Can we track the # of reduce tasks (and assume each reduce task is of equal weight) that are performed by each node?
Appreciate any responses/feedback.
You can make a custom chart to track MR activity and facet by host. Check out documentation of charting here:
The easiest thing to do is probably to click on your MapReduce, click on a TaskTracker, look at the Slot Utilzation chart, hover over the chart and click the dropdown and select Edit a Copy, then you'll see the following sql-like code at the top:
select (maps_running / (map_task_slots + reduce_task_slots)) * 100, (reduces_running / (map_task_slots + reduce_task_slots)) * 100 where entityName=$ROLENAME
Take out "where entityName=$ROLENAME" and you'll get a chart that shows for all role types.
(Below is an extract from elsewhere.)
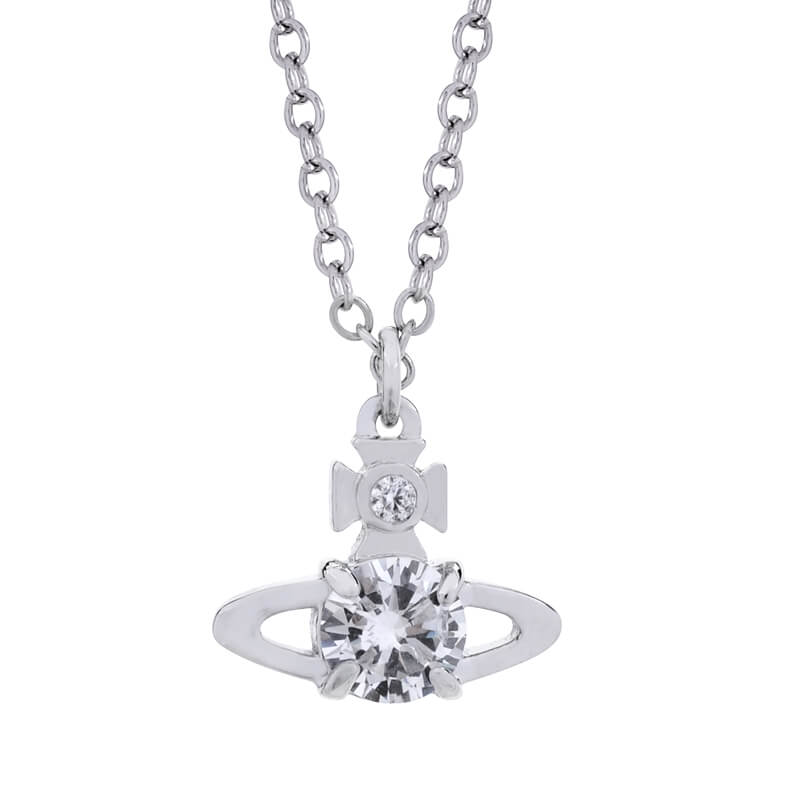 REINA Four Claw Zirconia Necklace
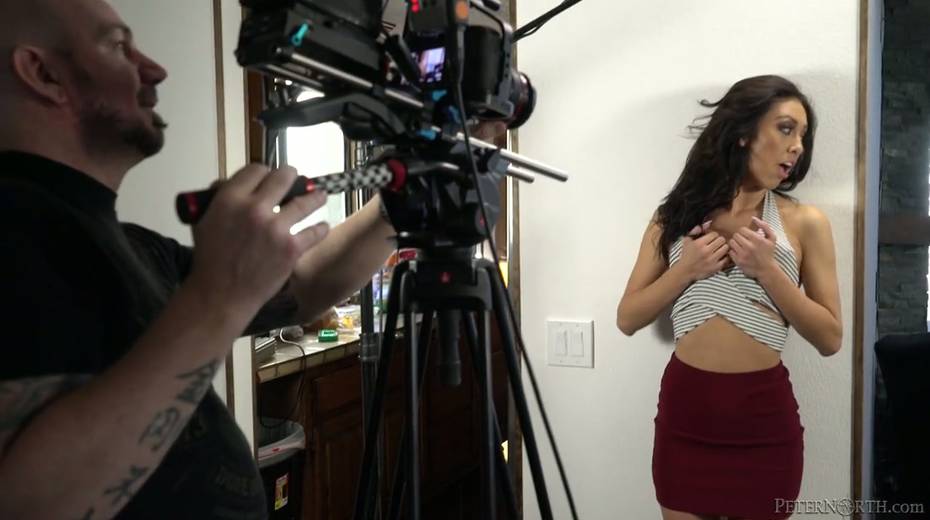 Hot behind the scene video featuring Adria Rae - 18. pic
Then facet by hostname. (or you can have it all combined if you want to compare them all in one chart). You may want to pick line chart instead of stack area. Save it somewhere, probably a custom view, and you can then easily find it again in the future from the Charts dropdown at the top of the CM UI.
This will give you a view with one chart per host showing slot utilization over time (or one combined chart for easy comparison, depending what you picked). To see a different time range, use the time slider.